AIDS Savaşım Derneği’nin liderliğinde 1 Aralık’ta da Ankara’da yürüyüş yapılacağını anlatan Ünal, çeşitli üniversitelerden tıp fakültesi öğrencilerinin de katılımıyla düzenlenecek yürüyüşün saat 12.00’de Küçükesat Dörtyol’dan başlayacağını kaydetti. Yürüyüş sırasında Tunalı Hilmi caddesi üzerindeki mağaza ve dükkanlara AIDS’le ilgili uyarıcı broşürlerin asılacağını belirten Ünal, saat 13.00’te de Kuğulu Park’ta bir basın açıklaması yapılacağını söyledi.

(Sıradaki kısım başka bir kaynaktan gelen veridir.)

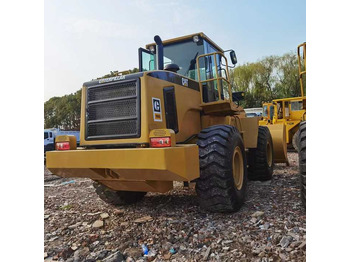 Cargadora de ruedas Used High Quality CAT 950G Wheel Loader on Hot Sale CAT 950G in Stock for Sale [ Copy ]: foto 4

Sağlık Bakanlığı, Dünya AIDS günü dolayısıyla, uyarılarda bulundu:
Tek eşliliği ve sadakati önemsemeliyiz. Birden farklı kişiyle ilişki geriye dönüşümsüz sonuçlar doğurabilir,
Kondom kullanımını teşvik etmeliyiz. Özellikle para karşılığı seks yapanların yüksek oranda risk taşıdığını bilmeli ve kendimizi korumalıyız,
Gerekli önlemleri almak konusunda erkeklere daha büyük sorumluluklar düşüyor,
AIDS’lilere ve ailelerine yardımcı olmalıyız,
Çocuklarımızı ve gençleri hayatın bir gerçeği olan cinsellik konusunda aydınlatmalı ve korunma yollarını anlatmalıyız,
HIV/AIDS taşıdığını öğrendiğimiz kişileri suçlamamalı, yargılamamalı ve dışlamamalıyız,
HIV/AIDS günlük yaşamdaki sosyal ilişkilerle, yanaktan yanağa öpüşmekle, aynı tabaktan yemek yemekle ve aynı tuvalet ve banyoyu kullanmakla bulaşmaz. Bu nedenle HIV’e yakalananları dışlamamalı, onlara destek olmalı, onların da bizlerle aynı haklara sahip olduğunu unutmamalıyız,
Damar yoluyla uyuşturucu kullanımı, yüksek HIV bulaşma riski taşır. Bu nedenle çocuklarımızı ve gençlerimizi uyuşturucu maddelerden korumalı, arkadaşlarını tanımaya çalışmalı, çocuklarımızla iyi bir iletişim kurmalıyız.